+++ DATA FOR THIS EXERCISE +++

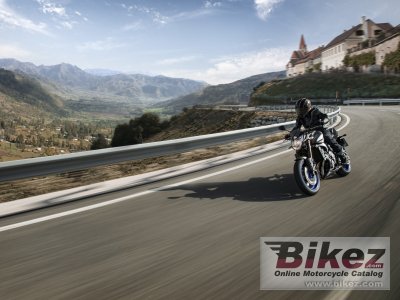 2013 Yamaha FZ8N ABS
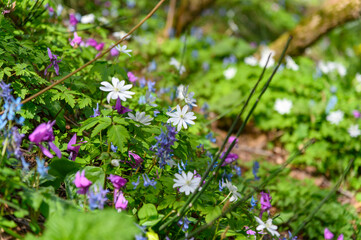 春の山野草咲く山麓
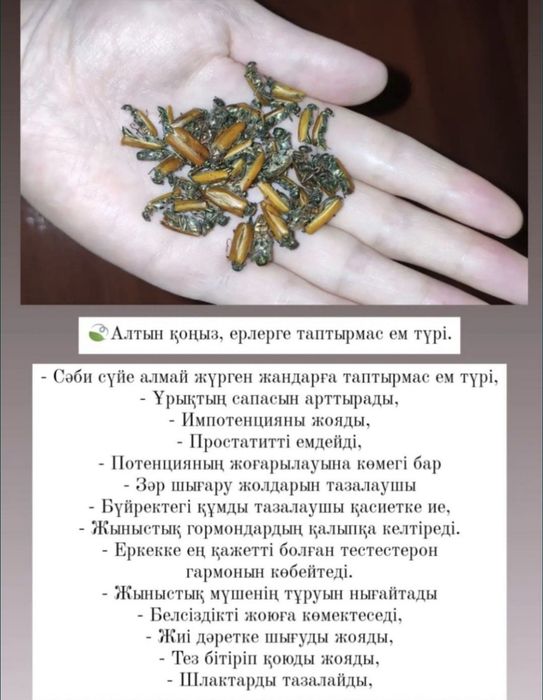 Алтын қоңыз майский жук простатитке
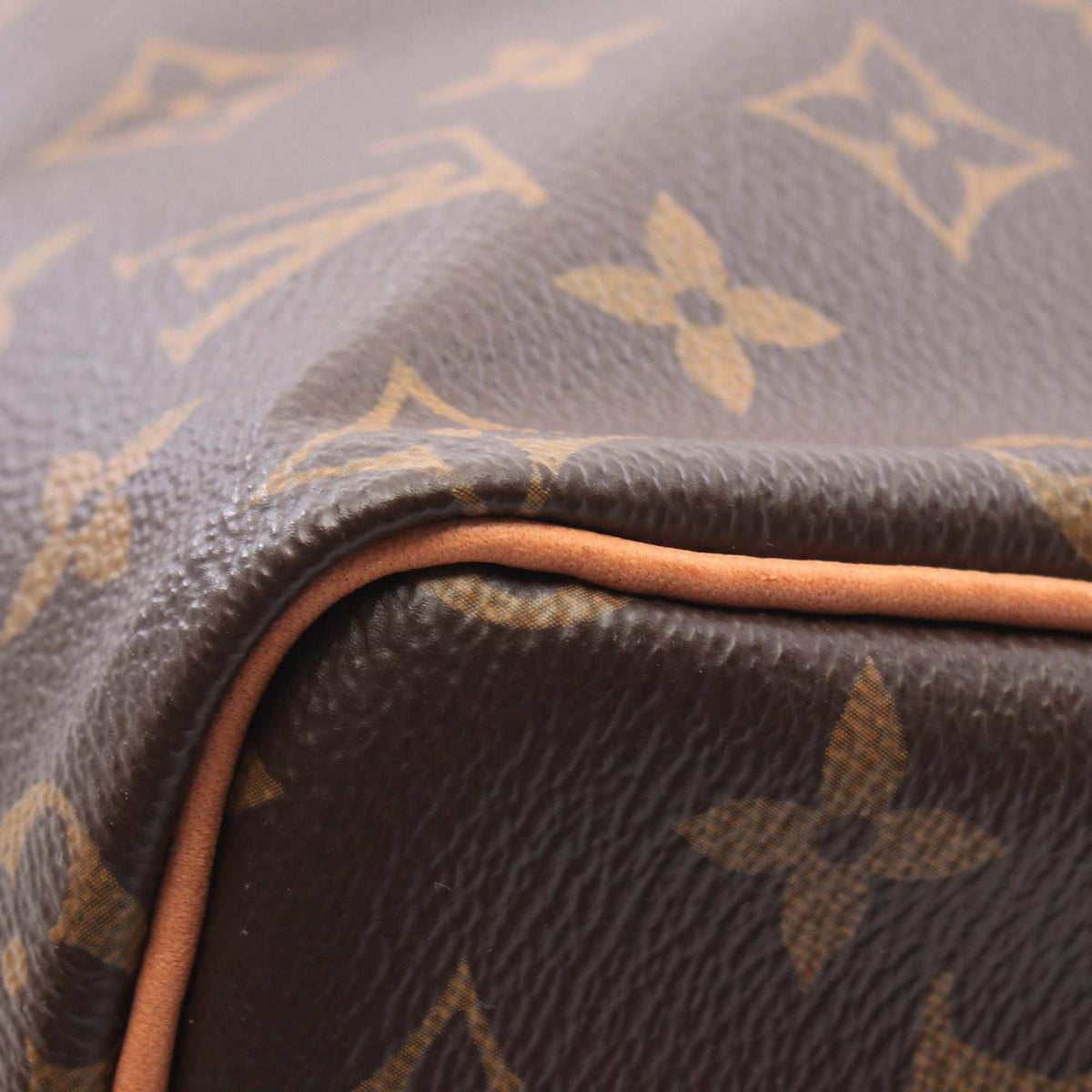 Louis Vuitton Monogram Speedy 25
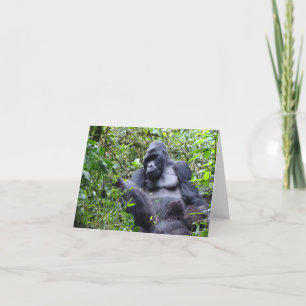 Carte Gorilles - Rwanda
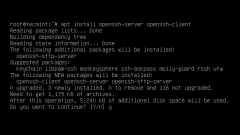 Cara Memasang dan Konfigurasi Pelayan OpenSSH di Linux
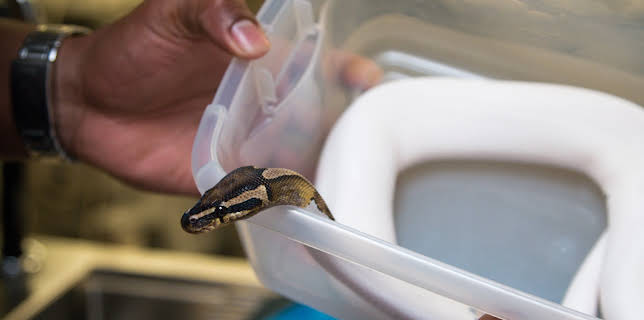 03:00: The Vet Life (S2 E14) (S2) | Animal Planet | 10/31 2025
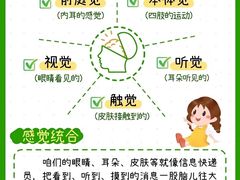 -金色雨林感统训练·专注力·语言认知·心理沙盘(天通苑校区)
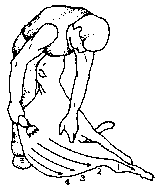 Figure 4.1 Merino shearing pattern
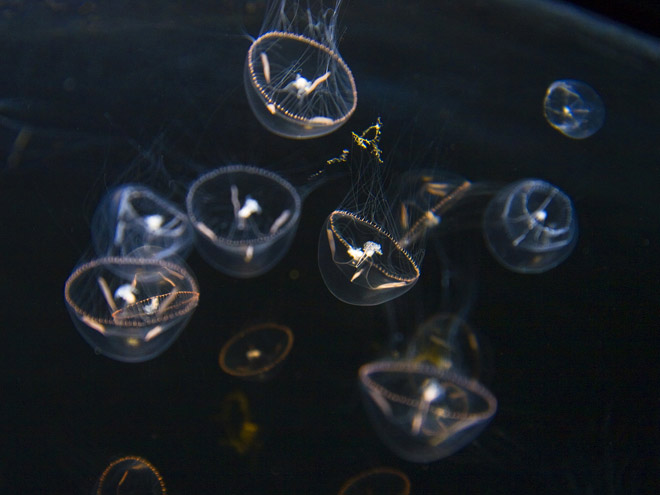 Umbrella Jellies (Utonina Indicans)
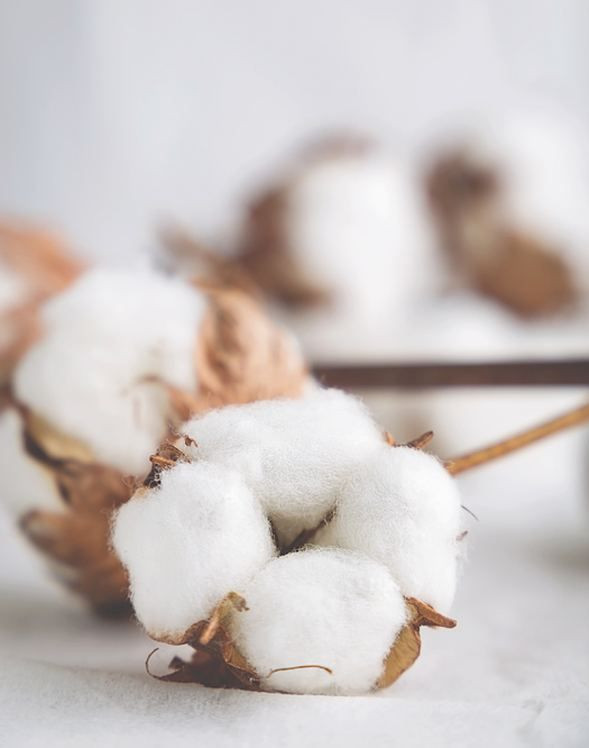 Vajinalarına limon sıkıyorlardı! İşte sebebi... - Sayfa 6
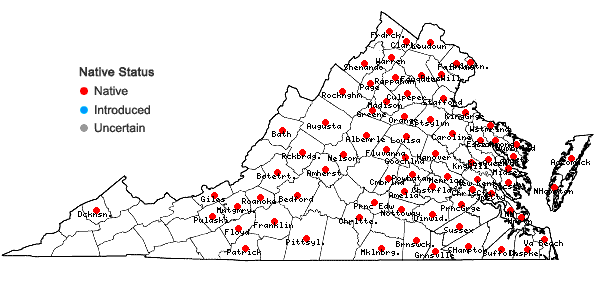 Locations ofViburnum dentatum complex in Virginia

+++

TRY IT -
Your reply should hold only the lines running from the one with "Carte Gorilles - Rwanda" to the end of the data above, set down exactly, pictures omitted.

REPLY TO THE TASK -
 Carte Gorilles - Rwanda
 Cara Memasang dan Konfigurasi Pelayan OpenSSH di Linux
 03:00: The Vet Life (S2 E14) (S2) | Animal Planet | 10/31 2025
 -金色雨林感统训练·专注力·语言认知·心理沙盘(天通苑校区)
 Figure 4.1 Merino shearing pattern
 Umbrella Jellies (Utonina Indicans)
 Vajinalarına limon sıkıyorlardı! İşte sebebi... - Sayfa 6
 Locations ofViburnum dentatum complex in Virginia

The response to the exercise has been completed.